名探偵ホームズは痩せているイメージだが、飼い猫のホームズは丸々太った三毛猫で、どうもホームズっぽくない。名推理をしそうもない。食べては寝、食べては寝、も、もしや、おまえ、名探偵ではなく、ただのデブ猫では?

そんなホームズはわたしを警戒するでもなく、ただひたすら寝ている。ご飯の時間になると、わたしのほうにやってきて「ナァ~」と鳴く。わたしを珍しがる様子もない。主人がいないのを訝ったり、さみしがったりすることもない。ホームズにしてみれば「餌をくれるおっさんが、いつの間にか別のおっさんになった」という程度かもしれない。

N氏から様子を確認する電話がある。「ホームズさみしがってない? うるさく鳴いたりしてない?」と何度も聞く。

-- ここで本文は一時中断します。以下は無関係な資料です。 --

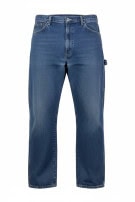 DICKIES JEANS CARGO WASHED BLUE ΑΝΤΡΙΚΟ PRE OWNED XXL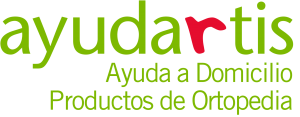 Ayudartis Oviedo – Ayuda A Domicilio Y Ortopedia Negocio En Oviedo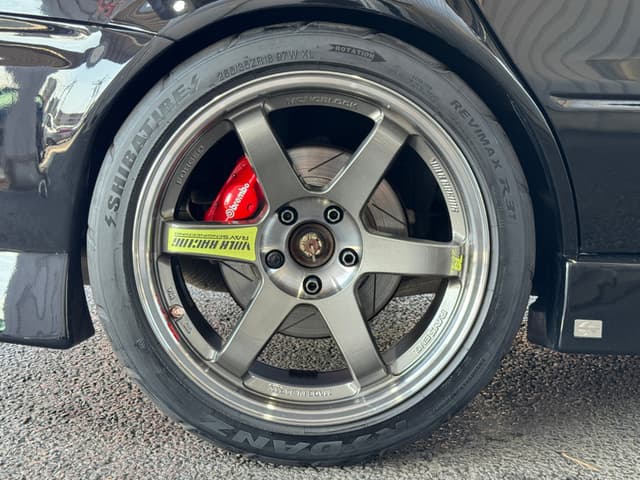 2003 JDM car for sale — photo 21 of 25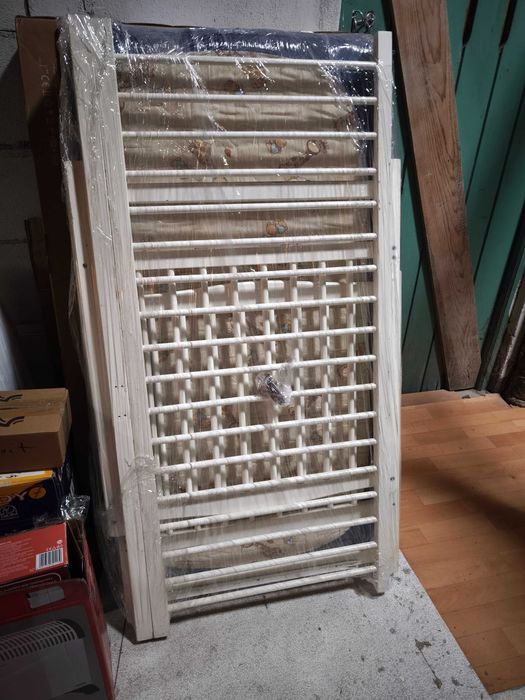 Бебешка кошара от ИКЕА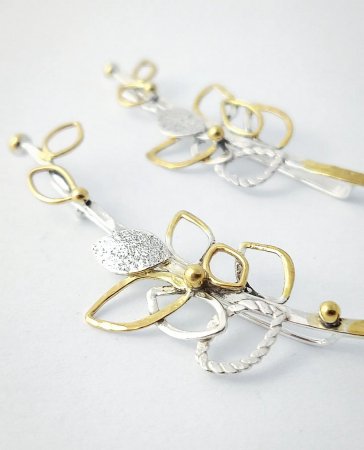 BIJUTERII DE AUTOR - De primavara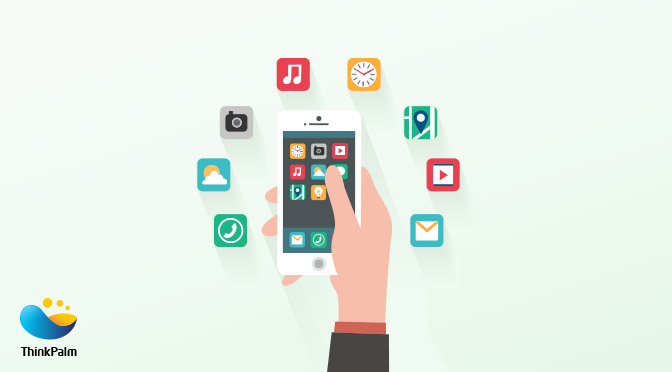 Artificial Intelligence In Mobile Application Development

全然さみしそうじゃないし、むしろN氏がいないことに気づいてないかも、などと答えると傷つくような気もする。

「そういえば‥‥どことなくさみしがっているように見えないこともない‥‥」などと、お茶を濁した。「そうかあ! やっぱり俺がいないとさみしいんだなあ!」と喜んでいた。

嘘をついてしまった。



▼で、N氏の家でひたすらアメリカの脱獄ドラマ「プリズン・ブレイク」のDVDを観る。シーズン1は22話あるが、徹夜で観てしまった。N氏が帰るまでに観てしまおうとがんばったが、22話観ても、まったく話が決着しないという。そのままシーズン2に突入である。このままでは、わたしが死ぬ。

ちょっと話に無理があったりもするのだけど、それでも全体的によくできていて登場人物が魅力的。困難な状況を、単に運が良かったとかで解決するのではなく、一つ上の方法で知恵を絞って解決していく。これ、本当に脚本をよく考えましたねえ。

登場人物の大部分が囚人なのだけど、観ているうちに愛着が湧いてくる。看守のベリックも、囚人以上に極悪でたまりませんなあ。